Venezuela has fallen on very hard times, with crude oil down to around $50 a barrel. Annual inflation is the highest in the world, and the country’s largest bank note, 100 “strong bolivars,” is now worth a mere 17 U.S. cents.

Now, following the discovery of a potentially rich oil deposit in the contentious Essequibo region in Guyana, Venezuela’s President Nicolás Maduro appears intent on exploiting his neighbor’s land to revive the ailing economy.

The Washington Post observes:

For the past several days, Maduro has been assuring Venezuelans, many of whom are busy queuing up for groceries and basic goods, that his government is working to achieve a “great victory” and take control of the disputed Essequibo, an area equal to two-thirds of Guyanese territory.

Possession of the Essequibo — named for the big jungle river flowing through it — was granted to Guyana, then a British colony, by an arbitration judge in 1899. Venezuela challenged the ruling as unfair in 1962, and the dispute has been quietly simmering ever since.

“We are going to take back what our grandparents left for us,” Maduro told his country last week. He asked U.N. General Secretary Ban Ki-moon to provide a new round of international arbitration, while promising “a great victory” over Guyana “by peaceful means.”

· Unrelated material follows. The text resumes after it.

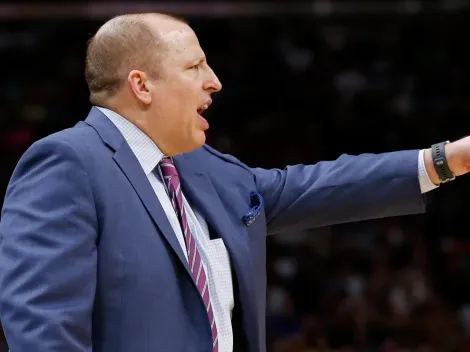 Los Timberwolves echan a Tom Thibodeau a pesar de vencer a los Lakers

Maduro has assigned a retired army colonel, Pompeyo Torrealba, to lead a newly formed government agency, the “Essequibo Rescue Office,” whose plans include issuing 200,000 Venezuelan identification cards to the Guyanese living in the area.

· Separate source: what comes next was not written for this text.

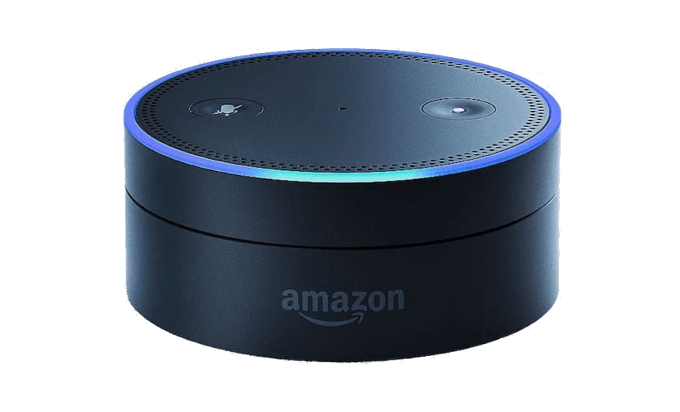 alexa dot generations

Torrealba said it would devise an advertising campaign for Guyanese families living in the jungle aimed at “approaching them, getting to know them, winning them over and earning their love.”

Setting aside for a moment the matter of political and economic priorities, the attempt to take control of two-thirds of Guyana is a somewhat strange one in light of the hard-earned reputation of Maduro’s political mentor, the late Hugo Chavez, as a big-hearted, tireless advocate for the world’s poor.

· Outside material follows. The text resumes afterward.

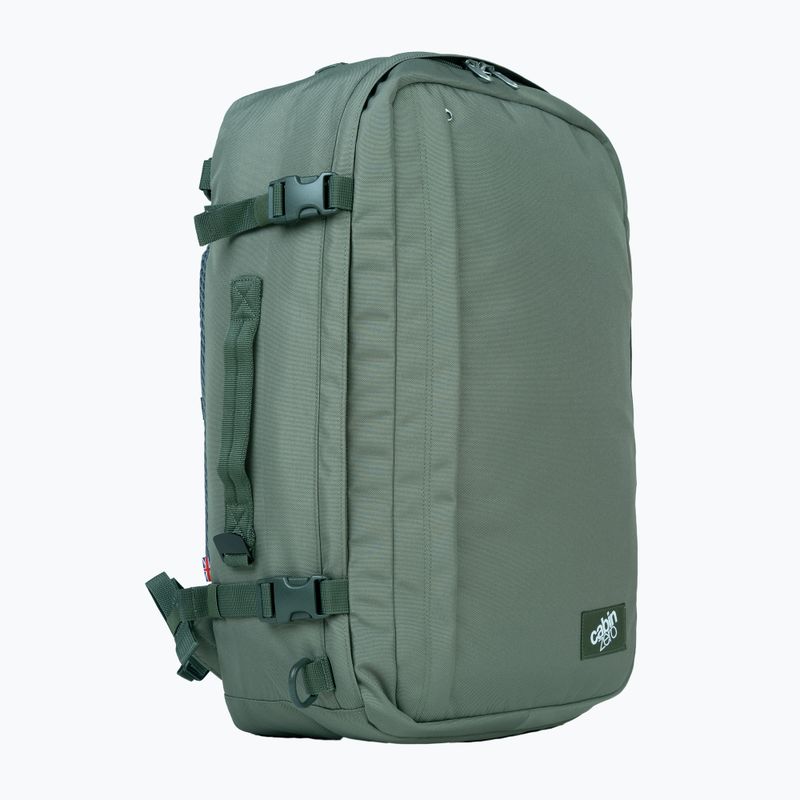 Plecak turystyczny CabinZero Classic Plus 42 l georgian khaki 2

After all, tiny Guyana is one of the most impoverished countries in South America, while Venezuela sits atop the world’s largest proven oil reserves.

Guyana was seemingly intent on closing this petro-gap and cashing in on its geography when it signed an offshore drilling agreement with ExxonMobil. In May, the company announced a “significant find” 120 miles off the Guyanese coast adjacent to the disputed Essequibo.